ALİ ERKEN: “ROCKEFELLER VE FORD VAKIFLARININ YATIRIMLARI AMERİKAN KÜRESEL HAKİMİYETİNİN YOLUNU AÇTI VE TÜRK TOPLUMUNA YENİ BİR ŞEKİL VER-MEYİ AMAÇLADI”

KONUŞAN: DERİN TARİH

Öncelikle kitabınız hayırlı olsun diyelim. Türkçe müracaat kaynaklarının çok sınırlı olduğu bu sahada çalışmaya nasıl karar verdiniz?

Robert Kolej’in arşivlerini inceleme amaçlı TÜBİTAK desteği ile ABD’ye gitmiştik; bu esnada Rockefeller Vakfı arşivlerinin o bölgeye yakın olduğunu öğrendim ve New York’un bir kasabasında belgelere bakma imkânı oldu. Kataloğu incelerken şaşırdım, inceledikçe daha derinleşti. Bu açıdan kişisel veriler ve kurum arşivleri ilgi çekici bilgiler içeriyor.

 

Türkiye-Amerika ilişkileri değerlendirilirken Türkiye’nin ABD eksenine kayması Menderes dönemiyle başlatılır. Kitabınızdan öğrendiğimiz kadarıyla bu süreç Cumhuriyet’in kuruluşuyla başlıyor ve zamanla yoğunluğu artarak devam ediyor. ABD 1923’te kurulan genç Türkiye Cumhuriyetine bakınca ne görüyordu?

ABD her ne kadar süper güç olmasa da 1. Dünya Savaşı sonrasında dünya siyasetinde etkisini arttırmıştı. İlaveten, Osmanlı son döneminde İngiltere ve Fransa’ya karşı mücadele eden Cumhuriyetin kurucu kadroları açısından ABD daha makul bir ortak olarak algılanıyordu. ABD’nin bölgede ciddi bir askerî varlığı yok. Eğitim ve sağlık alanındaki yatırımları Anadolu ve İstanbul’da yerleşik. Bu açıdan Amerikalılar açısından da Türkiye yabancı bir coğrafya değil.

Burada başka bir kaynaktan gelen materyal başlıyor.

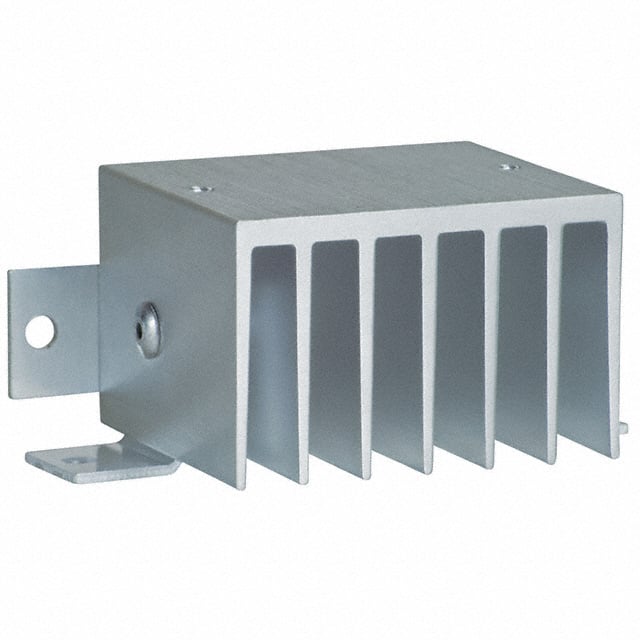 Sensata-Crydom HS251 HS Disipador térmico Serie Multiple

Yeni Cumhuriyetin Batılılaşma vizyonu Amerikalı kurumlar açısından bir fırsat sunduğu gibi Amerikalıların sağlık ve eğitimde önerdiği altyapı desteği 1920-30’ların Türkiye’si için çok önemli. O dönemde Cumhuriyet kadrosunun sağlık ve eğitimde atılım yapması vaadi var. Bunu gerçekleştirebilmek için Amerikan yardımları ciddi imkânlar sunmuş.

 

Rockefeller ve Ford vakıflarının kendilerine biçtikleri misyon nedir? Kapitalist bir sistem içinde bu şirketler servetlerinin bir kısmını neden Türkiye gibi üçüncü dünya ülkelerine aktarmayı tercih ediyorlar? Türkiye’ye ilgi duymalarının sebebi var mı?

Rockefeller şirketi kısa sürede dünyanın en büyük işletmelerinden biri olmuş. Servetinin sınırı tespit edilemiyor. Vakıf kurmasının ardındaki sebeplerden biri Amerikan kamuoyunda bozulan imajını düzeltmek. Ancak zamanla bu kaynaklarla hem Amerika içinde, hem de dünyanın diğer coğrafyalarında iktisadi ve sosyal değişime yön verebileceğinin farkına varıyorlar.

Rockefeller ve Ford vakıflarına (Carnegie ile birlikte) dair uzun bir müzakere yapılabilir. Konuya dair çalışmalar da var. Kısaca şu söylenebilir: Türkiye’nin dahil olduğu Latin Amerika, Çin gibi coğrafyalarda sağlık, nüfus, tarım ve kültür politikaları ile toplumların hayat tarzına şekil vermek üzerine çok kafa yorulmuş. Özel olarak neden Türkiye’ye ilgi duymuş? Aslında “özel” bir ilgi yok. Sık sık söz edildiği gibi “Türkiye”ye karşı bir operasyon gündemde değil. Genel bir politikaları ve gündemleri var. Türkiye de bunun içinde yer almış. Mesela Türkiye’de görev yapan Rockefeller Sağlık Birimi yetkilileri Çin ve Bulgaristan’da da uzun yıllar çalıştılar. Hatta zannederim birisi Bulgaristan’da ölüyor (teyit edemedim). Tabii ki 1947 sonrası Marshall Yardımı ve Truman Doktrini ile birlikte Türkiye’nin durumu değişiyor ve ABD açısından daha öncelikli bir yer oluyor.